On one hand if you cater the design of your cars to the needs of buyers in different segments you have a better choice of meeting their needs. Think for example of the Juke, which would have never happened if Nissan insisted on keeping a strong link to its Rogue/X-Trail sister. Or what would the 300 look like if Chrysler was adamant at having it look like its smaller sister, the Sebring (ugh, that gives me the shivers…). And efforts by car companies to bring the designs of their unique (usually sports) models and the rest of the range closer often go wrong: think how Chevrolet tried to incorporate cues from the Camaro on the recently-discontinued Malibu, how Mazda facelifted the MX-5 Mk III to give it the corporate “happy face”, or how Ford forced the Aston grille onto the newest Mustang… the list goes on.

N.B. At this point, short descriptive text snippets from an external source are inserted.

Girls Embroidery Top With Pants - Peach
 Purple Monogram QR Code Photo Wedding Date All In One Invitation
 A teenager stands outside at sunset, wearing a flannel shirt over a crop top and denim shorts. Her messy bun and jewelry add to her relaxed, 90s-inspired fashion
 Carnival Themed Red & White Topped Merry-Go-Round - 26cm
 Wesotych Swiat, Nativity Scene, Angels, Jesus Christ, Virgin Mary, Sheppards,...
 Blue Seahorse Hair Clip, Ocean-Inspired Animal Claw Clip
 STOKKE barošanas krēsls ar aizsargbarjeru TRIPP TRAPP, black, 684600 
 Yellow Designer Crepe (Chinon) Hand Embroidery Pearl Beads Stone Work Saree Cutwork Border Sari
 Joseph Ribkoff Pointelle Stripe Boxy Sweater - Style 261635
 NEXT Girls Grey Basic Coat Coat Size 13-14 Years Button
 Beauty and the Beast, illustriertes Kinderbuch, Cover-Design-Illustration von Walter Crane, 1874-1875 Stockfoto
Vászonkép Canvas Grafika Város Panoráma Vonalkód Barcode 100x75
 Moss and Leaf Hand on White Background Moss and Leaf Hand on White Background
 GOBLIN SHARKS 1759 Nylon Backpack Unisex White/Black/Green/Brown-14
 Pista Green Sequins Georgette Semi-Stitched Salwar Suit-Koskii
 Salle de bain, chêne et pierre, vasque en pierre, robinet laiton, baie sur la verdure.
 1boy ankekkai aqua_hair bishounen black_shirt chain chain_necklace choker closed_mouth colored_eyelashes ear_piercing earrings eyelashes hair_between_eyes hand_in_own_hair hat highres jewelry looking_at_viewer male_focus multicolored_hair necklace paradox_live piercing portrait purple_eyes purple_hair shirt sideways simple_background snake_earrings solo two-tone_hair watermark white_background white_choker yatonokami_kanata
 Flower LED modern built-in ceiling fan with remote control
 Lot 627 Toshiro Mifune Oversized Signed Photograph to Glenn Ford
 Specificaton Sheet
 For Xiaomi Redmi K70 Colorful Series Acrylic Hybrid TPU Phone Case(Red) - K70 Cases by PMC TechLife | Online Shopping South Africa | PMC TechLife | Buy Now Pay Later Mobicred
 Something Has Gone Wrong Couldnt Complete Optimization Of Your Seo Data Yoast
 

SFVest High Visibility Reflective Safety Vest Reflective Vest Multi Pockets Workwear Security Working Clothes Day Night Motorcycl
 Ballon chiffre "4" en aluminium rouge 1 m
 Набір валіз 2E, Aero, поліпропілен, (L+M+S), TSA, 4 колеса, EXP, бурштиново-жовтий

Arguably the most common argument against unifying the language is that, if you take it too far, you end up with a “one sausage, different lengths” territory that BMW found itself in the mid-90s, or Audi finds itself now. As a result of trying to have your smaller models ride on the coattails of the larger ones you end up cheapening the image of the latter – the new 7-series may be a technological tour-de-force, but by again looking like an inflated 5-series I think the big limo’s image suffers. The same goes, to an even greater extent, for the A8 and the smaller A4. And even Mercedes-Benz, which for a long time has been successful at making the C-class look like a small S-class (rather than the S-class being an inflated C-class), seems to have taken it too far – it’s newest S-class coupe suffers IMO because it looks too much like the smaller C-class coupe.
And yet, I feel like there are huge benefits to unifying a brand’s design. For starters, you may sell more sedans or wagons if they look more like your more exclusive SUVs or sports car halo models. But arguably even more important is the hard-to-quantify impact that offering a whole line-up with a unified “design vision” has on consumers’ perception of the brand. Think how all Apple products seem designed by the same person with the same principles in mind. In the same way VW has managed to differentiate itself from Ford & Co., partially, I think, by being the popular brand that seems to have a unified design – it may not be the sexiest of them all, but it’s consistent and timeless. Ultimately, while car brands should be careful not to take design unification too far, when applied properly I think it can have great effects on the brand’s image and sales.